This document describes the removal of what we call “ancient history” from the tablet. As described in the Kudu Tablet design doc, Kudu stores the history of changes over time in order to support scans at a particular snapshot. Eventually, to reclaim disk space, we want to stop storing that history.
The ancient history mark is a HybridTime timestamp prior to which history is considered “ancient”. Ancient data is made unavailable and removed from disk. The ancient history mark is defined by a property called the “tablet history max age”. This property is configured with a gflag called --tablet_history_default_max_age_sec
, which at the time of writing defaults to 15 minutes. In the future, we may allow this to be specified on a per-table basis.
Attempts to open a snapshot scan prior to the ancient history mark will be rejected. Since blocks are refcounted, scanners that have already opened the blocks in a long-running scan will not be affected if garbage collection unlinks an open block that has become ancient history.
Query engines that may perform many long-running scans at a single snapshot, such as Apache Impala and Apache Spark, may end up too far in the past and error out if a scan query runs for too long. We still need to come up with a way to reliably prevent that. The current workaround is to tune the ancient history mark high enough to avoid most such errors.
In an update-heavy workload, many REDO records (and after compaction, many UNDO records) tend to accumulate per row. Removing old UNDO records takes place during the normal operation of several background maintenance tasks:
When a merging compaction is run, two or more DiskRowSets are merged into one and their constituent row ids are reassigned. During this process, if a row marked as “deleted” has a deletion timestamp prior to the ancient history mark, that row will be skipped when writing the new rowset. This process will permanently remove all traces of the row and the space will be reclaimed from disk.

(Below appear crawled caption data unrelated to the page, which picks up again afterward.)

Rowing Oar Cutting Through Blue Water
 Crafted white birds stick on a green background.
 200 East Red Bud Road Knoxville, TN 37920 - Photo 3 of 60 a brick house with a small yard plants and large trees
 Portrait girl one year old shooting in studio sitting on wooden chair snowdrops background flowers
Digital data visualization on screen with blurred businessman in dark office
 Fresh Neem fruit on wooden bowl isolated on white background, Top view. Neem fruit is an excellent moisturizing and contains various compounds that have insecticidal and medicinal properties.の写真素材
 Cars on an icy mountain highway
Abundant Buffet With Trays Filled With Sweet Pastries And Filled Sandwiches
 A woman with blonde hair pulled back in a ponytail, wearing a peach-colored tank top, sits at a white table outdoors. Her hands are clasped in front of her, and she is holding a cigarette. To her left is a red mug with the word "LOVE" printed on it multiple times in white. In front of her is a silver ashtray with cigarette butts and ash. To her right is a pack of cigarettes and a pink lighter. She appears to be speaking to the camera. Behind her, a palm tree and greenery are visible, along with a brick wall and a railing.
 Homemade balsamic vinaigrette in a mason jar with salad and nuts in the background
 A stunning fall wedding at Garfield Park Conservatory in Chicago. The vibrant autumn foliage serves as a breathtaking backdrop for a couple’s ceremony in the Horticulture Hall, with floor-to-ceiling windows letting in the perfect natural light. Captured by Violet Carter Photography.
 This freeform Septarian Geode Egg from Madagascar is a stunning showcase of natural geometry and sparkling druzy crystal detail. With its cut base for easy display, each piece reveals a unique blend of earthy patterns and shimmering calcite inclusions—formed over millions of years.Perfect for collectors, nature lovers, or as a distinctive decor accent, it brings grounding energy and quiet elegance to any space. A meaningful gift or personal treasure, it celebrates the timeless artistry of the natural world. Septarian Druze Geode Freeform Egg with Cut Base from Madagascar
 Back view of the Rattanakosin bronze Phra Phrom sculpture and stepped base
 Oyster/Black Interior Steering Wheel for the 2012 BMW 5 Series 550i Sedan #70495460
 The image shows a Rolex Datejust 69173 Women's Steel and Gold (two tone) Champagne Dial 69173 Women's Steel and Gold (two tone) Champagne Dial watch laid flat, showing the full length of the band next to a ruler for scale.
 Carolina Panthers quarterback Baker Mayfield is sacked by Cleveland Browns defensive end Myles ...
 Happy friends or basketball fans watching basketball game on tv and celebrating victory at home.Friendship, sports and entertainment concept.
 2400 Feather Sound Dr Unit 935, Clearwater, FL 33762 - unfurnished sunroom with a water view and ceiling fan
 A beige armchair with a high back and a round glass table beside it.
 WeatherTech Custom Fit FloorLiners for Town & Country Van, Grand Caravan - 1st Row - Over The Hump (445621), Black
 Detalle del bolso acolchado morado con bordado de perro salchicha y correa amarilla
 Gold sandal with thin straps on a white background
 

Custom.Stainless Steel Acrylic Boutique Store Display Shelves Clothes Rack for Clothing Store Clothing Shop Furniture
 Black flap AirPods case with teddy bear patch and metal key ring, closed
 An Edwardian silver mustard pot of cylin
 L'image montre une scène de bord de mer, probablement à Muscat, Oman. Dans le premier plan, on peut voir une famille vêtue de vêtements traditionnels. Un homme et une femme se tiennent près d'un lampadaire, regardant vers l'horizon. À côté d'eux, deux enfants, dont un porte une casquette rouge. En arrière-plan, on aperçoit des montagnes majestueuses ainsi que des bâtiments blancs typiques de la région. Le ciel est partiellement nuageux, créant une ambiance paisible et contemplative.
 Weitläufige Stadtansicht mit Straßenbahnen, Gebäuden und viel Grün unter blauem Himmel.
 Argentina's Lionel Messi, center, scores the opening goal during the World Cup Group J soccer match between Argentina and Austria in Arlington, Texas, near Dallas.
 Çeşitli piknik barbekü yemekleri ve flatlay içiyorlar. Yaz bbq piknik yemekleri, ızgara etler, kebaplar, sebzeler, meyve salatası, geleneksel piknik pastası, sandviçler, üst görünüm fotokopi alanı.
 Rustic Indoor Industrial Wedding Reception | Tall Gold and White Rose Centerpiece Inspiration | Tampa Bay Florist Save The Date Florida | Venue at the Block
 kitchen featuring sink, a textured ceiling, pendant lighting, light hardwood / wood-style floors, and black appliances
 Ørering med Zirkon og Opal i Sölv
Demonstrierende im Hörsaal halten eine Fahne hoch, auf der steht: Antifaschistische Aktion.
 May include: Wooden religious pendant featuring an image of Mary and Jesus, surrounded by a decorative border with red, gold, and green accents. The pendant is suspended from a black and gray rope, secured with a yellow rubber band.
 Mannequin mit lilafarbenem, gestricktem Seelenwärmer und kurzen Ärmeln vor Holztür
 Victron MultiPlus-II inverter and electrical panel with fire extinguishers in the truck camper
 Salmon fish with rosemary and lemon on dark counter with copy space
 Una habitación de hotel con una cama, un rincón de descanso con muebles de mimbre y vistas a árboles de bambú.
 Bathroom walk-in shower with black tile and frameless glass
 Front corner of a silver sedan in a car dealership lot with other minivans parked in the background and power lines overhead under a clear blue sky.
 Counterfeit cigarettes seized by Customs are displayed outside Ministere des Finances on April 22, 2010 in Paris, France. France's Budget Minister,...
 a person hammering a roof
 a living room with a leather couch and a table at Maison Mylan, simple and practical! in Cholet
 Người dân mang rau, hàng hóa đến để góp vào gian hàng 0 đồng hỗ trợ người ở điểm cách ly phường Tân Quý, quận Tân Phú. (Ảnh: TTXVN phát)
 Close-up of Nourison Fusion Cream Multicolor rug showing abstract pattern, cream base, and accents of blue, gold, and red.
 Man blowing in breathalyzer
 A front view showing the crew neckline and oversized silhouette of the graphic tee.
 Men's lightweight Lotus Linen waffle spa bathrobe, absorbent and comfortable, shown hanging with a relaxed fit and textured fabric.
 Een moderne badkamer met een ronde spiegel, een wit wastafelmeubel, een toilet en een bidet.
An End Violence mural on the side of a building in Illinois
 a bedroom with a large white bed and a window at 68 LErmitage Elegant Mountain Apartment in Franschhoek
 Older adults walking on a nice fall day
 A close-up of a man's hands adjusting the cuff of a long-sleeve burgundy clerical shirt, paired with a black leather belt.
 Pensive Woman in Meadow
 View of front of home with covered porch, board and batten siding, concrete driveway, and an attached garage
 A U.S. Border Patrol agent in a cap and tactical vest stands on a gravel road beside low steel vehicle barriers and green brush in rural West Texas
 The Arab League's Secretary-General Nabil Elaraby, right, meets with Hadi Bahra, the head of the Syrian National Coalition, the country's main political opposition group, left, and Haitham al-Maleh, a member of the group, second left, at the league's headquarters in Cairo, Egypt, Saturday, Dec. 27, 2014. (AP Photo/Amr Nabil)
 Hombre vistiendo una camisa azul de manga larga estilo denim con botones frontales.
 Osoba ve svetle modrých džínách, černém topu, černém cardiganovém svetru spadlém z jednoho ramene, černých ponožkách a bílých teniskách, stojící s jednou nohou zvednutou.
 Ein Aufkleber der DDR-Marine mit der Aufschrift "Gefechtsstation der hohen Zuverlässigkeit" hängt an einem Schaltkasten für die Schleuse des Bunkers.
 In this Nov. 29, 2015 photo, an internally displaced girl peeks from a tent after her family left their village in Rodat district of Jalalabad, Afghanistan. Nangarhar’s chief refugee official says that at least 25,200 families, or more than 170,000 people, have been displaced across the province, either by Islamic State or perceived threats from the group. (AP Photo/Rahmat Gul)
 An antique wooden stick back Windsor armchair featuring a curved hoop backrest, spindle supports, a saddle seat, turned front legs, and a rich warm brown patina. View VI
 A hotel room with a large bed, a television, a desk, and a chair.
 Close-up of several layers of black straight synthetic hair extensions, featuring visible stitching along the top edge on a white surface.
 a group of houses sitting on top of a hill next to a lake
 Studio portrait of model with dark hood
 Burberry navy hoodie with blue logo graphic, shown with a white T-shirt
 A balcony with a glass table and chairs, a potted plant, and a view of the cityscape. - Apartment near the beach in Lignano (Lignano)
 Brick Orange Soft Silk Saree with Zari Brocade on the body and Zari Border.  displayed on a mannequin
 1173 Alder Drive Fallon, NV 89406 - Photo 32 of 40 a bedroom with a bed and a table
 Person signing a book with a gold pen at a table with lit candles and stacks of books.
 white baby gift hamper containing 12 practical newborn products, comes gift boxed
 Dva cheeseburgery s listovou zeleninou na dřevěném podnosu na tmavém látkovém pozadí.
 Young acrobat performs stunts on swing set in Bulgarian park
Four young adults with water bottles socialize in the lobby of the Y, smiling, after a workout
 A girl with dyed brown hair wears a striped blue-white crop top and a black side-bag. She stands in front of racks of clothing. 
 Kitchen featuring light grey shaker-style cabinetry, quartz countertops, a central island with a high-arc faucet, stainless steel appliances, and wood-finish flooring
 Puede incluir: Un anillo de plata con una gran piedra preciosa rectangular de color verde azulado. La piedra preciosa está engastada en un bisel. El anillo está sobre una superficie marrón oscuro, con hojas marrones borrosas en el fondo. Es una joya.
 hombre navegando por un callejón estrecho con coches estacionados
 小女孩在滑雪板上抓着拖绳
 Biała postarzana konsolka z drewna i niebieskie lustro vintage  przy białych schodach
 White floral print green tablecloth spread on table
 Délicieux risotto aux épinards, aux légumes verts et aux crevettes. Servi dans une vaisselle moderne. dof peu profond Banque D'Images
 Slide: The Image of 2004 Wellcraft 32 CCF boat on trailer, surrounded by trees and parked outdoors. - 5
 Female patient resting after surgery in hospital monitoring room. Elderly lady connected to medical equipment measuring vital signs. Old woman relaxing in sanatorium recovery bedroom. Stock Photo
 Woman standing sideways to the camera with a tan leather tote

In cases where a merging tablet compaction is not run, we still want to remove deleted rows. We could implement a maintenance task specifically for GCing deleted rows. However, at the time of writing, this is not implemented because it appears to be prone to causing write amplification.
UndoDeltaBlockGCOp, in contrast, only removes delta history associated with a row. If a row is deleted, UndoDeltaBlockGCOp will not remove the row's base data or the final REDO record indicating its deletion.